> [Given material]:
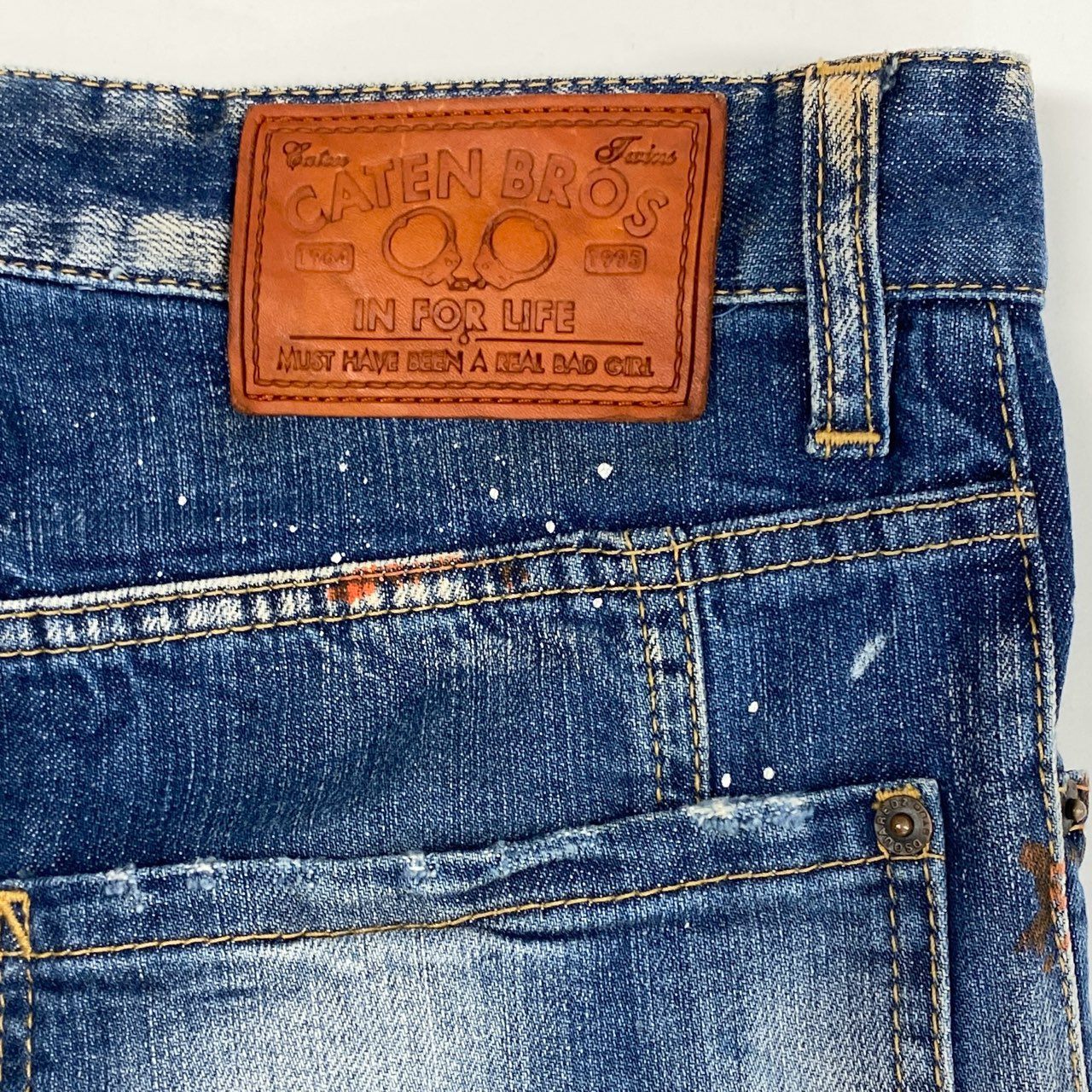 34j28 DSQUARED2 ディースクエアード イタリア製 デニムパンツ ジーンズ ダメージ ペイント加工 ボトムス 74LA065030144 50 インディゴブルーo07t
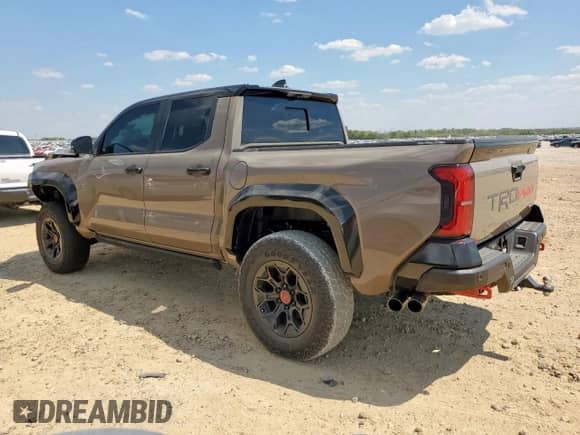 2025 Toyota Tacoma TRD Sport Hybrid с VIN 3TYLC5LN1ST035269, выставлен на аукционе Copart как лот 70372615 с пробегом 1 204 миль миль и Списание • Salvage title. История ставок и продаж доступна на DreamBid. Изображение 2.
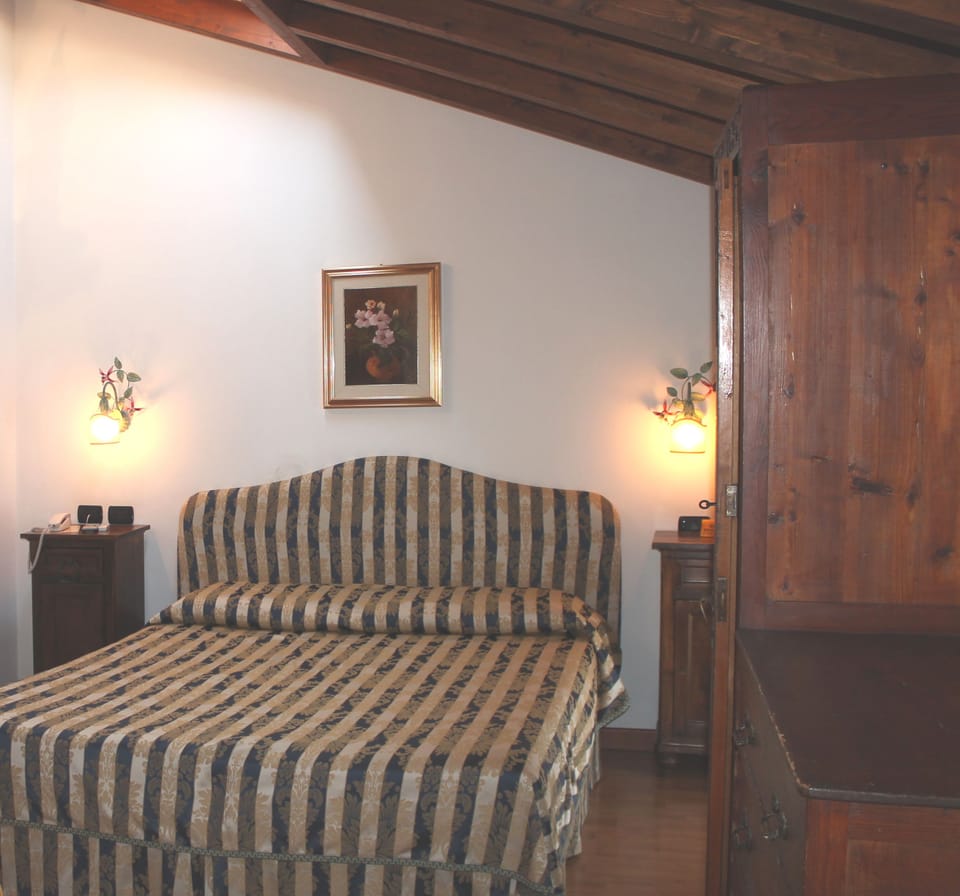 Premium bedding, individually furnished, blackout drapes, soundproofing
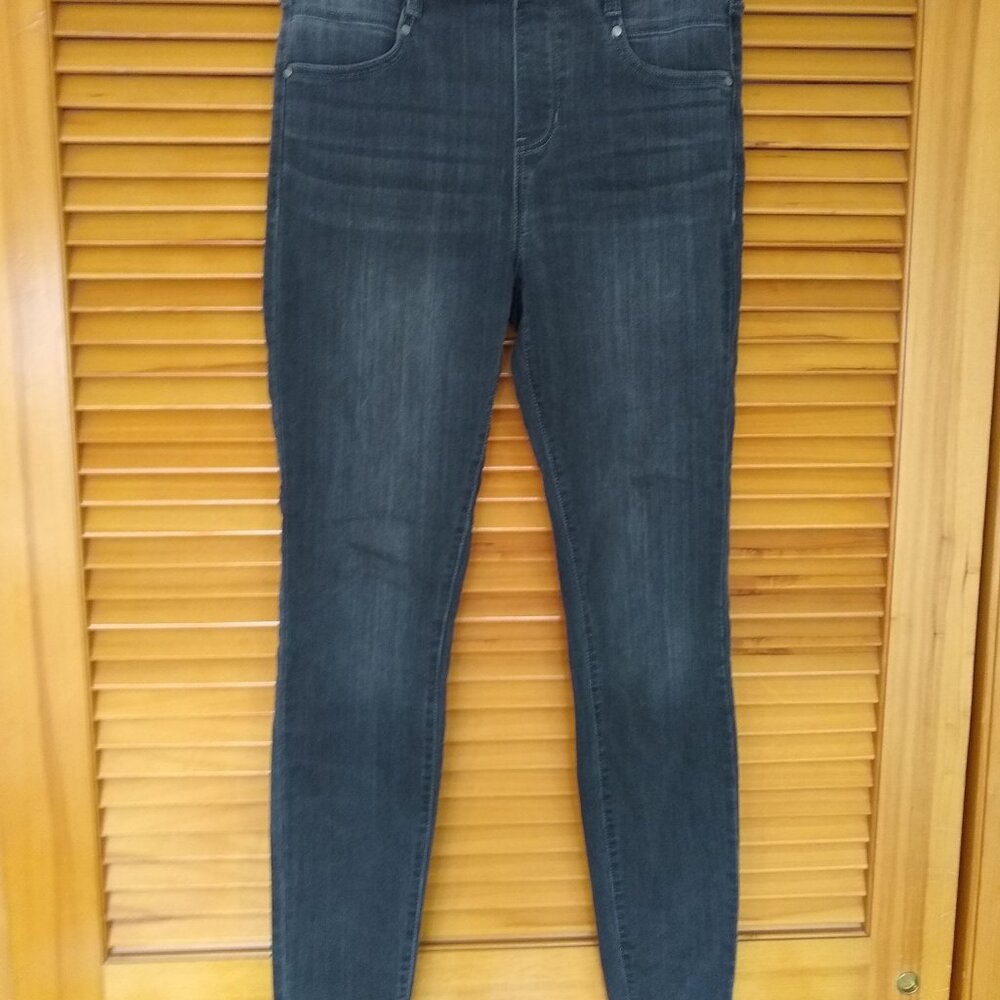 The Gia Glider Pull-On Skinny Jeans - Size 8/29 - Liverpool Los Angeles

> [Work instructions]: The expected output is an exact copy of the lines from the one holding "2025 Toyota Tacoma" through the last line of the listing above, with the pictures omitted.

> [Output]:
 2025 Toyota Tacoma TRD Sport Hybrid с VIN 3TYLC5LN1ST035269, выставлен на аукционе Copart как лот 70372615 с пробегом 1 204 миль миль и Списание • Salvage title. История ставок и продаж доступна на DreamBid. Изображение 2.
 Premium bedding, individually furnished, blackout drapes, soundproofing
 The Gia Glider Pull-On Skinny Jeans - Size 8/29 - Liverpool Los Angeles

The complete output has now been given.